1. Explore the Dataset

What does mpg contain?

?mpg

How many rows and columns?

nrow(mpg) and ncol(mpg), or dim(mpg).

What are the key variables?

names(mpg) or str(mpg)

Glimpse at variable types and some sample rows.

glimpse(mpg)

2. Visualize Key Relationships

Step 1 The relationship between engine displacement and high-speed fuel consumption

library(ggplot2)

ggplot(mpg, aes(x = displ, y = hwy)) +
  geom_point() +
  geom_smooth()

Pasted image 20250529160806.png

  • What happens if you run only this line? ggplot(mpg, aes(x = displ, y = hwy))What do you see? Empty plot. That’s because it’s just the canvas; we haven’t told ggplot how to draw yet.

  • Why do we use aes() inside ggplot()? What does it actually do? Think of aes() as “a mapping guide” aes() doesn’t draw anything by itself — it just tells the geoms (like points, lines, bars…) which variables to use when they eventually draw.

    So: ggplot(data, aes(...)) = “Here’s my dataset and how I want to map variables to visual features like x, y, color, size…”

  • Why does aes() not immediately create a legend, axis, or shape? What is it waiting for? Because you haven’t told it what shape to draw — e.g., points (geom_point()), lines (geom_line()), bars (geom_bar()), etc.

Step 2 Add Color to Show a Categorical Variable

ggplot(mpg, aes(x = displ, y =hwy, color = drv)) +
  geom_point() + 
  geom_smooth()

Mapping color to a category lets you compare trends within subgroups, not just overall. Pasted image 20250529161550.png

Step 3 Compare the relationship between engine size and fuel economy for each drive type (drv)

ggplot(mpg, aes(x = displ, y =hwy, color = drv)) +
  geom_point() + 
  facet_wrap(~drv)

Pasted image 20250529162044.png

  • Single plot with color:

    • All points together, colored by group.

    • Trend lines can be drawn for each group, but it can get visually crowded, and overlapping points may obscure patterns.

  • Faceted plot:

    • Each group gets its own “mini-plot.”

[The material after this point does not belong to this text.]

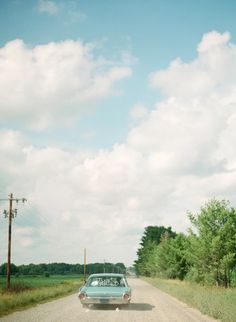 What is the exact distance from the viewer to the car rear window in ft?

    • Much easier to compare the trend and spread within each group, and spot differences.

    • No visual clutter or overlap between groups.

3 Summarize Data with dplyr

1. What is the average highway mpg for each car class?

mpg %>% 
  group_by(class) %>%
  summarise(
    avg_hwy = mean(hwy, na.rm = TRUE)
  )

2. How many cars are there in each class?

count(mpg,class) This is shorthand for: mpg %>% group_by(class) %>% summarise(n = n())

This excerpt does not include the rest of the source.